Suburb of Edinburgh, Scotland

Baberton, also known as Baberton Mains, is a suburb of Edinburgh, the capital of Scotland, located south-west of the Edinburgh City Bypass and Wester Hailes and south of the Shotts Line railway line. The village of Juniper Green is situated to the south of Baberton and Baberton Golf Course is to the west.

Most of Baberton Mains comprises a housing estate built in the early 1970s by George Wimpey. All streets take the "Baberton Mains" name but some streets in Juniper Green take the name Baberton and not Baberton Mains.

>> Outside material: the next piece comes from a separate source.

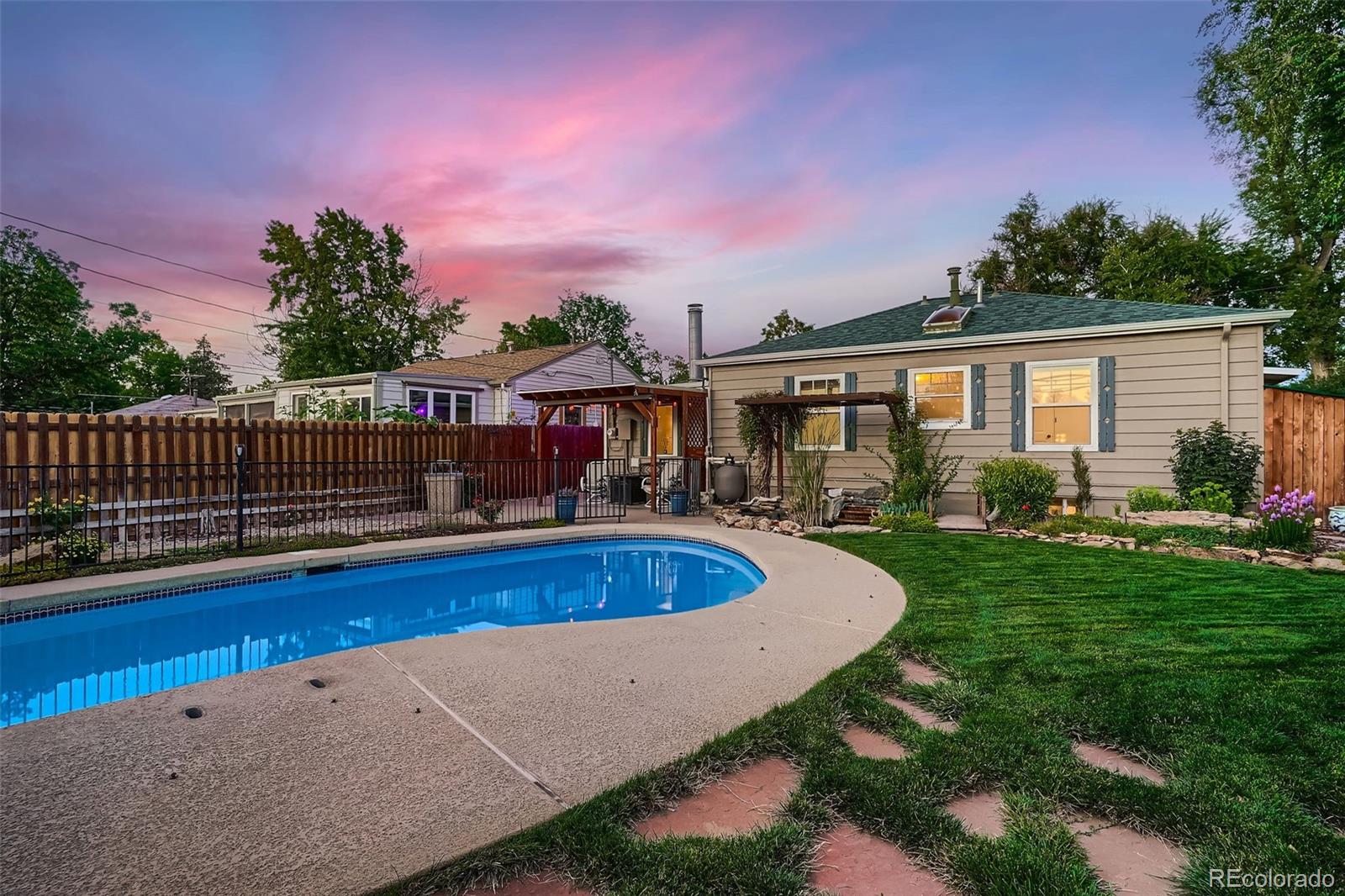 MLS Image #33 for 4329 s clarkson street,englewood, Colorado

Although the antiquarian writer James Grant stated Baberton House was the property of King James VI in the early 17th century and he gifted it to Alexander Brand, one of his favourites, prior to his death in 1625. More modern architectural historians note that Baberton House was designed and built in 1623 for his own occupation by the architect Sir James Murray of Kilbaberton (d.1634), King's Master of Works.

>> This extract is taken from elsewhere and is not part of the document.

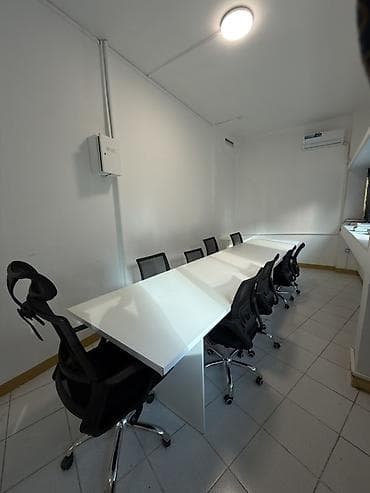 kiraye gunluk: Kollektiv iş və təlimlər üçün tam təchiz olunmuş ofis/konfrans otağı — 3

Bradshaw's Guide says Baberton House was a hunting lodge of King James VI and that King Charles X of France lived here after the July Revolution of 1830. Baberton House was the home of the Edinburgh physician Byrom Bramwell, and his friend and colleague Charles Edward Underhill died here in 1908.

== Publications ==
C&B News – originally Currie & Balerno News – is a monthly volunteer-run “local community news magazine” (available in print and as a downloadable PDF) covering Baberton Mains and neighbouring Currie, Balerno, Juniper Green and Colinton. Originally launched in February 1976, and published 10 times a year, the magazine features local news and articles, contributions from local political representatives, and updates on local planning issues—all voluntarily submitted by local residents. The magazine published its 500th issue in October 2024and celebrated its 50th anniversary in February 2026.

A bespoke edition of the “lifestyle and community magazine” Konect is delivered to households in Juniper Green as well as neighbouring Balerno, Currie, Baberton Mains and Ratho.